▸ **Work task**
Please output only the lines that begin at the line with "Camisetas azules de" and run through the end of the entries below, exactly as written. Drop all pictures.

▸ **Supplied data**
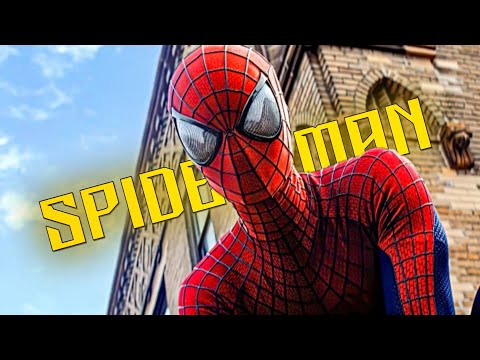The Amazing Spider-Man! 🕷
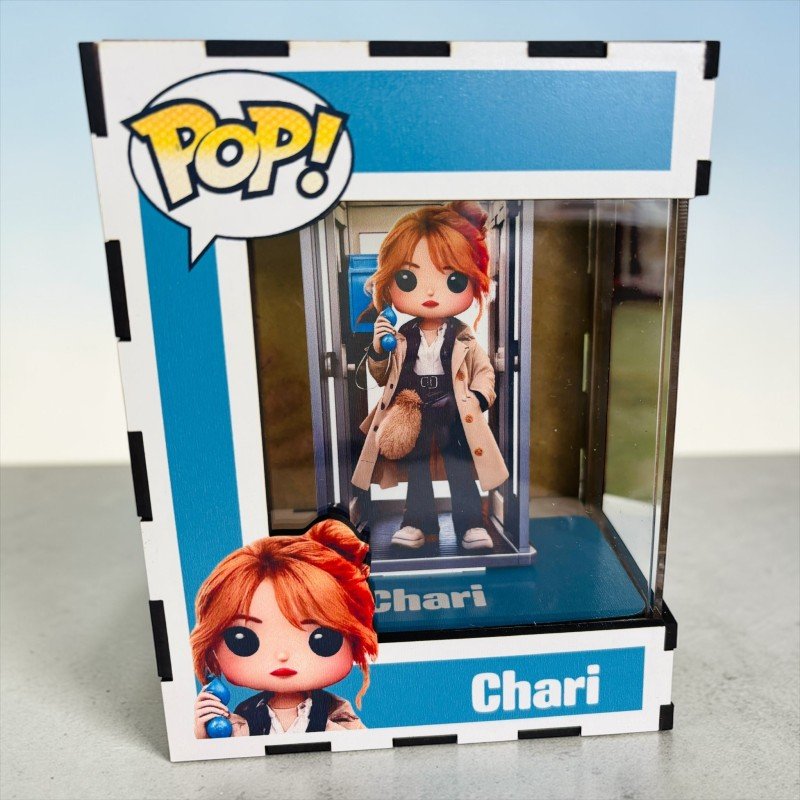 FUNKO DE MADERA PERSONALIZADO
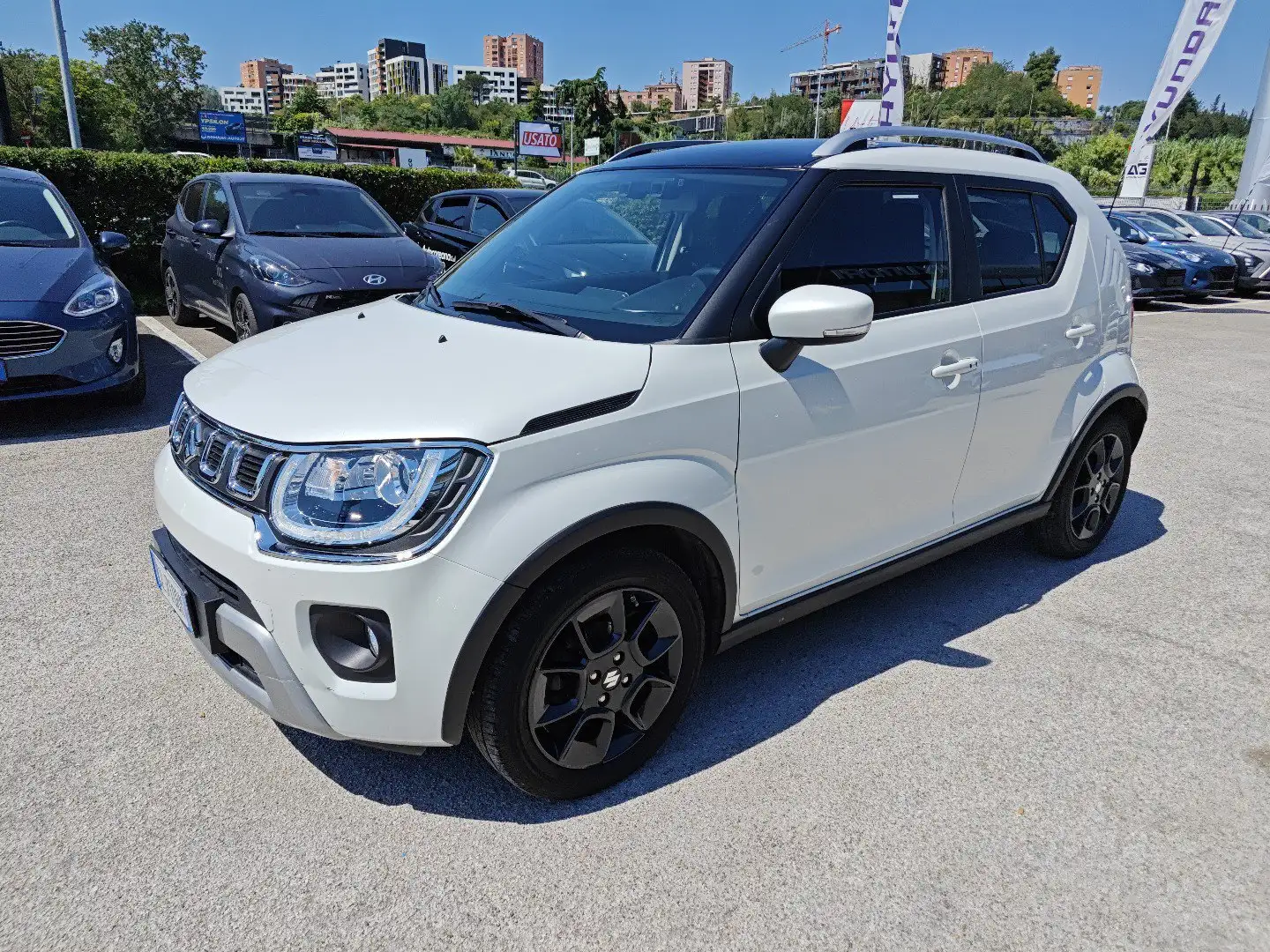 Suzuki Ignis Ignis 1.2 Hybrid Top Bianco - 1
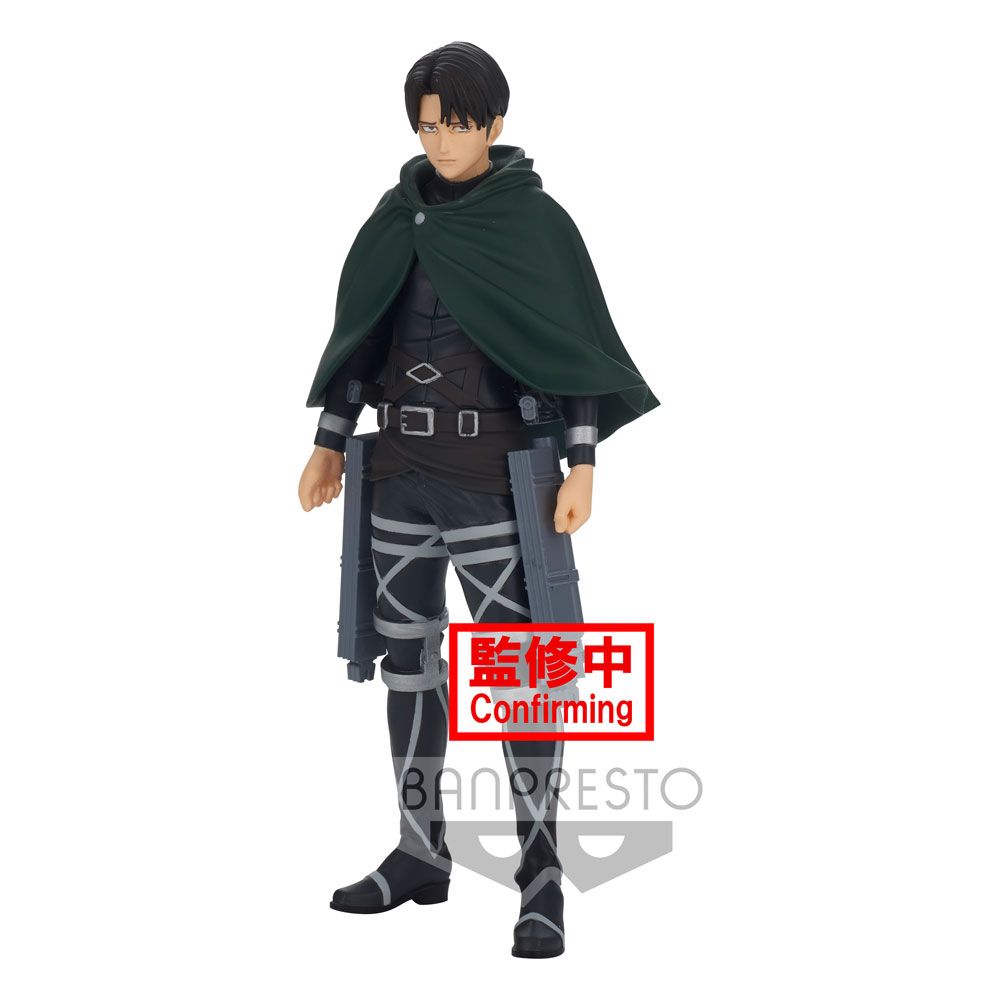 Attack on Titan The Final Season Levi 16cm Statue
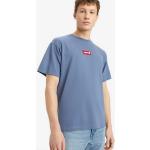 Camisetas azules de algodón de manga corta vintage LEVI´S talla XS para hombre 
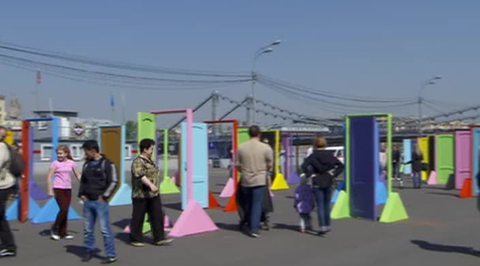 Парк Горького открывает летний сезон танцами
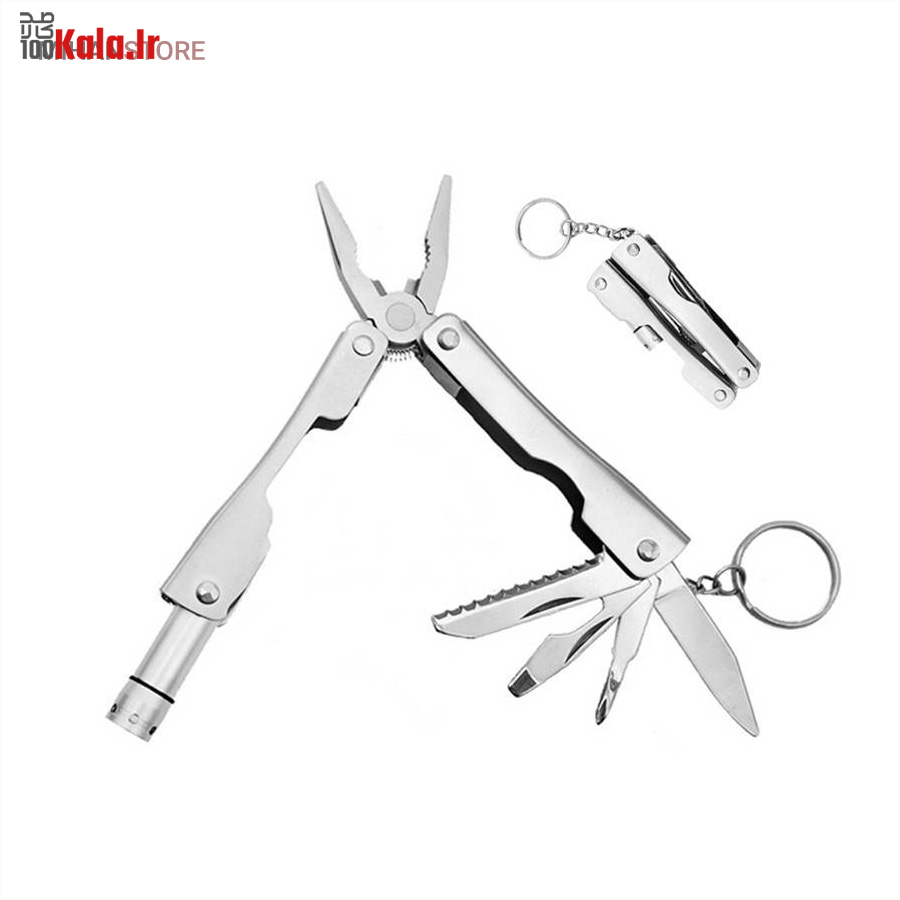 مینی انبر دست 7 کاره تاشو 12 مینی انبر دست 7 کاره تاشو - Image 12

▸ **Written reply**
 Camisetas azules de algodón de manga corta vintage LEVI´S talla XS para hombre 
 Парк Горького открывает летний сезон танцами
 مینی انبر دست 7 کاره تاشو 12 مینی انبر دست 7 کاره تاشو - Image 12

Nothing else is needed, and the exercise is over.